■ What is expected
Skip every picture. Print each line from the one containing "Street Life Pantalones" through the end of the records below, word for word.

■ Source records
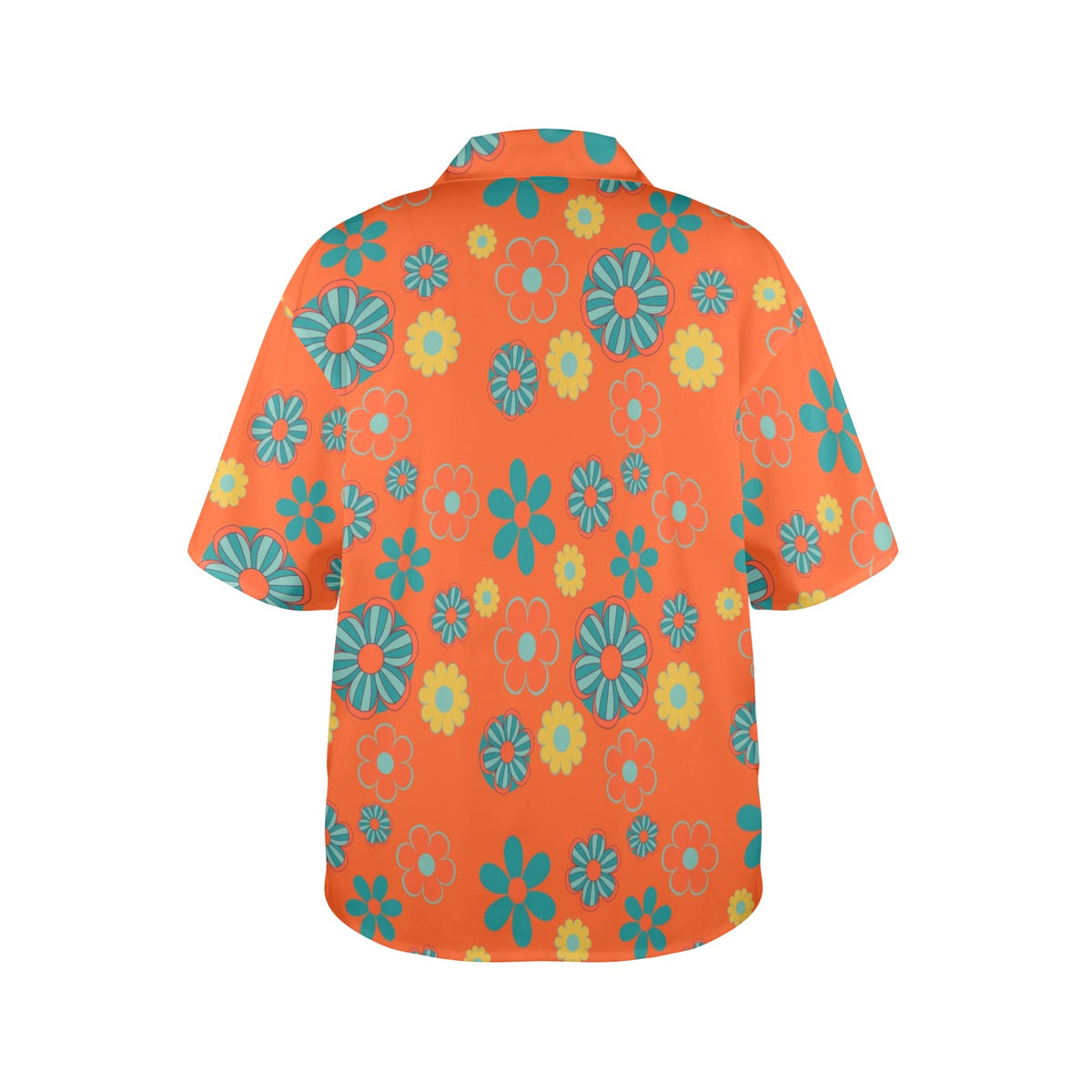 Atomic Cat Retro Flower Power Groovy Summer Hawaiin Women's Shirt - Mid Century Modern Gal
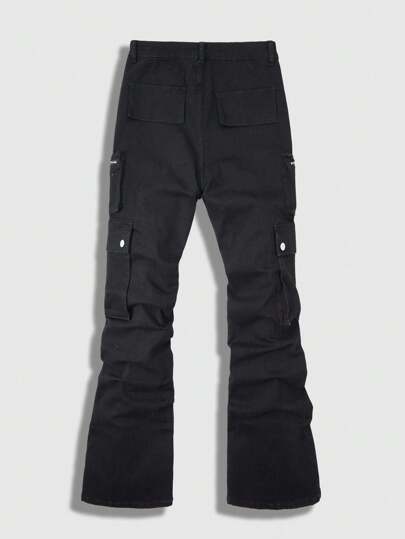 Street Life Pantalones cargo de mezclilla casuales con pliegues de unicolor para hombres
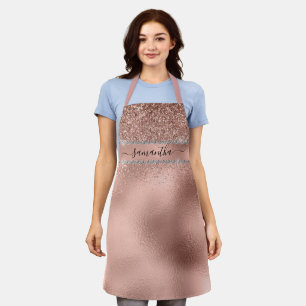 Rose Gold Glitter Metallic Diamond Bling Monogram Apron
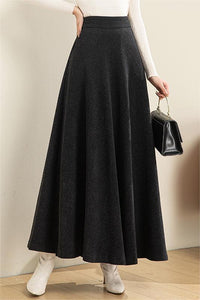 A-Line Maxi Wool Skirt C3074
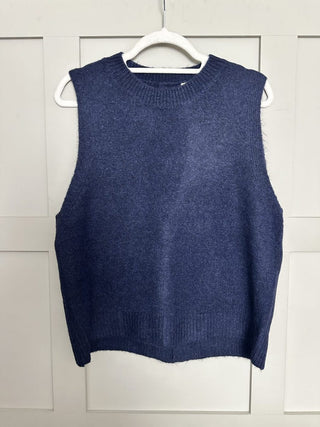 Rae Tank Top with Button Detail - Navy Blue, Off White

■ Exercise result
 Street Life Pantalones cargo de mezclilla casuales con pliegues de unicolor para hombres
 Rose Gold Glitter Metallic Diamond Bling Monogram Apron
 A-Line Maxi Wool Skirt C3074
 Rae Tank Top with Button Detail - Navy Blue, Off White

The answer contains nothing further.